Verlass ist dagegen auf die Sängerin Dianne Reeves, die mit der hr-Bigband in der Alten Oper Frankfurt einen großen Auftritt hatte. Das von FRIZZ Das Magazin präsentierte Konzert im Großen Saal ist ausverkauft. Am Ende gibt es standing ovations für die Grande Dame des Jazz, die auf eine eindrucksvolle Karriere zurückblicken kann, und die Band unter der Leitung von John Beasley. Er schreibt raffinierte Arrangements, und die glänzend besetzte Band findet sofort zu Dianne Reeves, als würden sie häufig zusammen auf der Bühne stehen. Sie ist eine Entertainerin im besten Sinne des Wortes, hat den Abend im Griff und es überhaupt nicht nötig, sich in den Vordergrund zu spielen. Wer nicht dabei war, hat etwas verpasst, muss sich aber nicht grämen – bei ARTE Concert kann man diesen Abend in der Alten Oper Frankfurt noch einmal erleben (bis zum 22.07.24). 

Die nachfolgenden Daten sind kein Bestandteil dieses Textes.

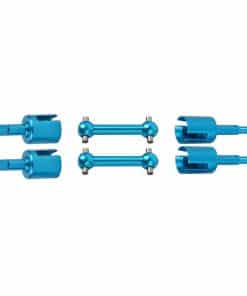 Juego de eje de transmisión conjunto de aleación RcAidong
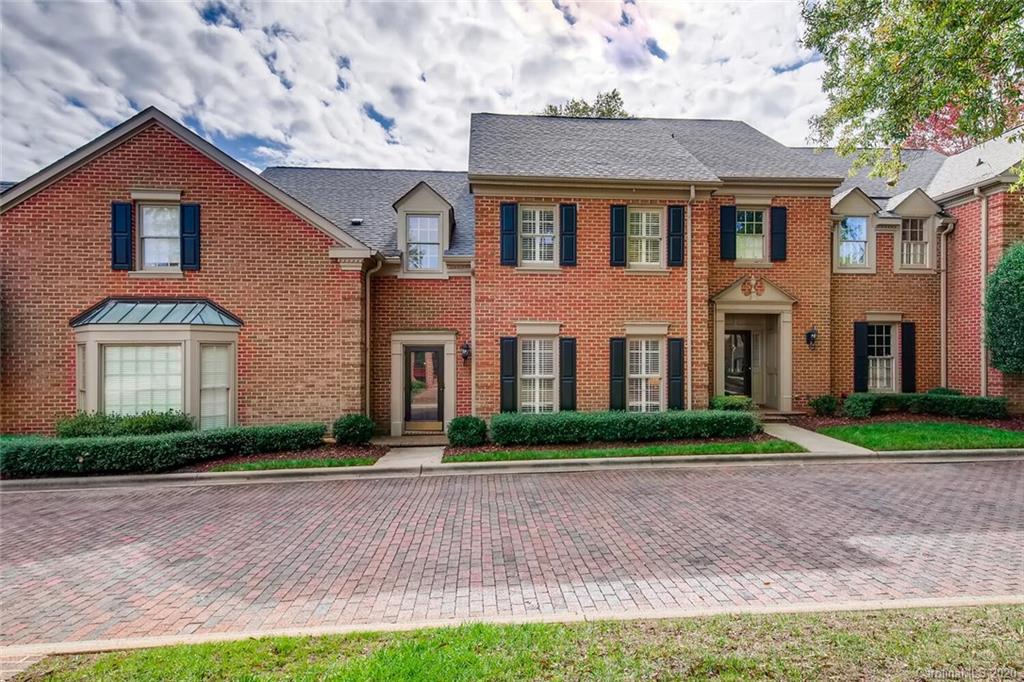 2803 Sharon View Road Charlotte, NC 28210 - Photo 1 of 29 Gallery Image 1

Auszeiten wie diese sind wichtiger denn je. Man kann nicht permanent die News verfolgen. Wenn das Handy bei einem Konzert auf Flugmodus ist, erreichen uns die Eilmeldungen eben etwas später. Ihre Solidarität mit der Ukraine bekunden die herrlich schrägen Tiger Lillies im Berliner Tipi ohne große Worte; sinnigerweise heißt das aktuelle Programm des unverwechselbaren Trios “Lessons in Nihilism”. Über dem Flügel liegt die Fahne des geschundenen Landes, das endlich (!) weiter von Amerika unterstützt wird. In der Pause schauen wir doch schnell auf das Smartphone und bekommen die Eilmeldung, dass der Kongress Mittel in Milliardenhöhe für die Ukraine frei gegeben hat. Ohne diese Unterstützung wäre eine Niederlage nicht abzuwenden gewesen. Europa allein ist dazu nicht in der Lage, mit großen Worten – etwa denen des französischen Präsidenten Emmanuel Macron – kann ein Land einen Angriff nicht abwehren. Der Speaker des Repräsentantenhauses, der erzkonservative Republikaner Mike Johnson, begründete seinen Einsatz für die Ukraine mit den Worten, er wolle nicht auf der falschen Seite der Geschichte stehen. Würden sich doch mehr Menschen diese Maxime zu eigen machen!